Problem details — Output word for word the lines from the one with "1 Para Retro" to the final line of the data, both ends included, but skip the pictures.

Dataset records —

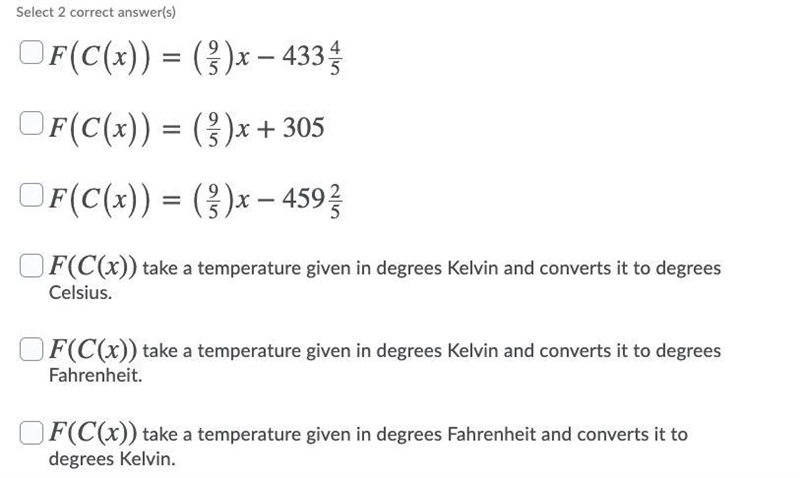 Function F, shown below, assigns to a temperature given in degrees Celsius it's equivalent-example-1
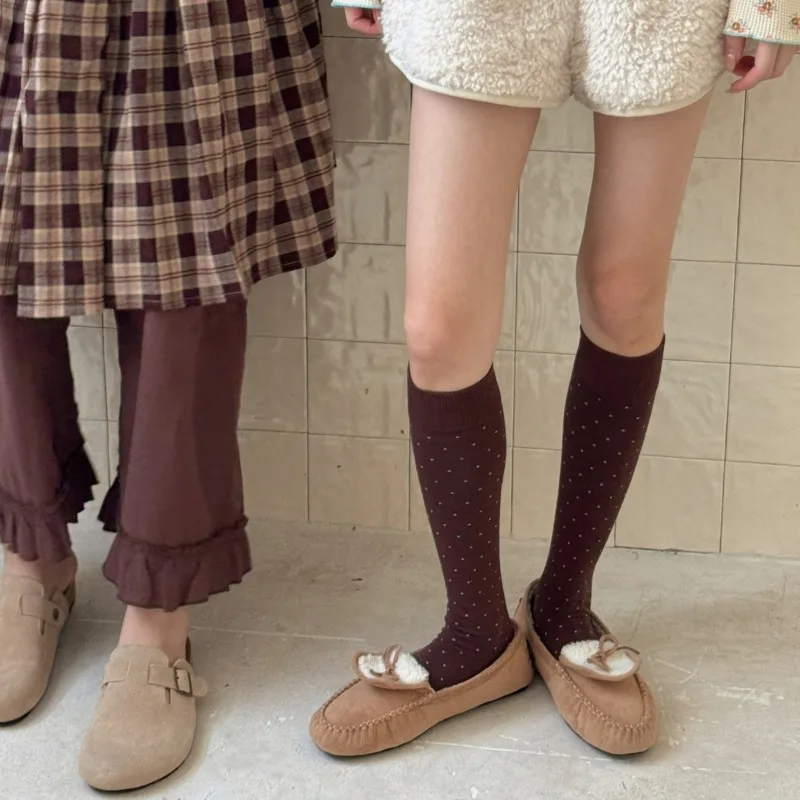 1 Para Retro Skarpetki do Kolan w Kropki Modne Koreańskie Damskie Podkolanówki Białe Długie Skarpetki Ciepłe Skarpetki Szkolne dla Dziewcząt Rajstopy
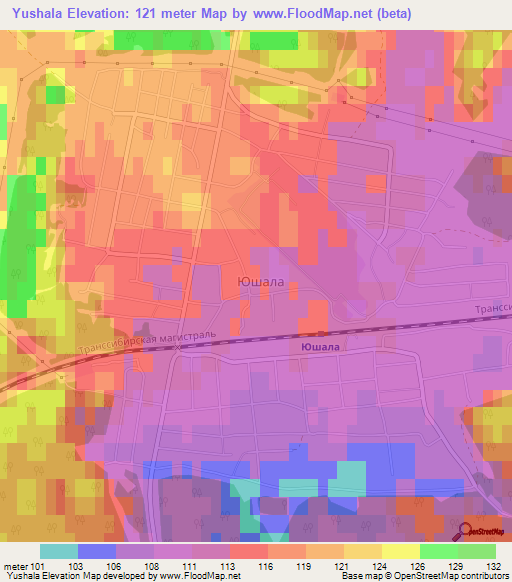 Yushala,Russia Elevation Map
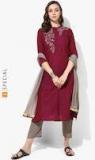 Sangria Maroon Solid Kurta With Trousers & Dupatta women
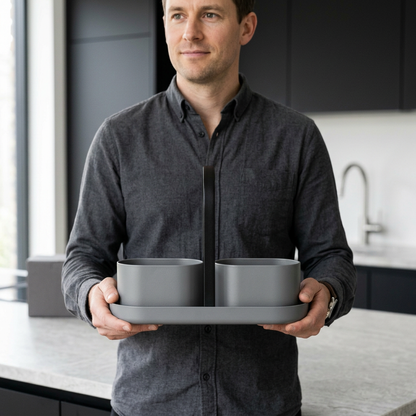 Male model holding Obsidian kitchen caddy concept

Your response —
 1 Para Retro Skarpetki do Kolan w Kropki Modne Koreańskie Damskie Podkolanówki Białe Długie Skarpetki Ciepłe Skarpetki Szkolne dla Dziewcząt Rajstopy
 Yushala,Russia Elevation Map
 Sangria Maroon Solid Kurta With Trousers & Dupatta women
 Male model holding Obsidian kitchen caddy concept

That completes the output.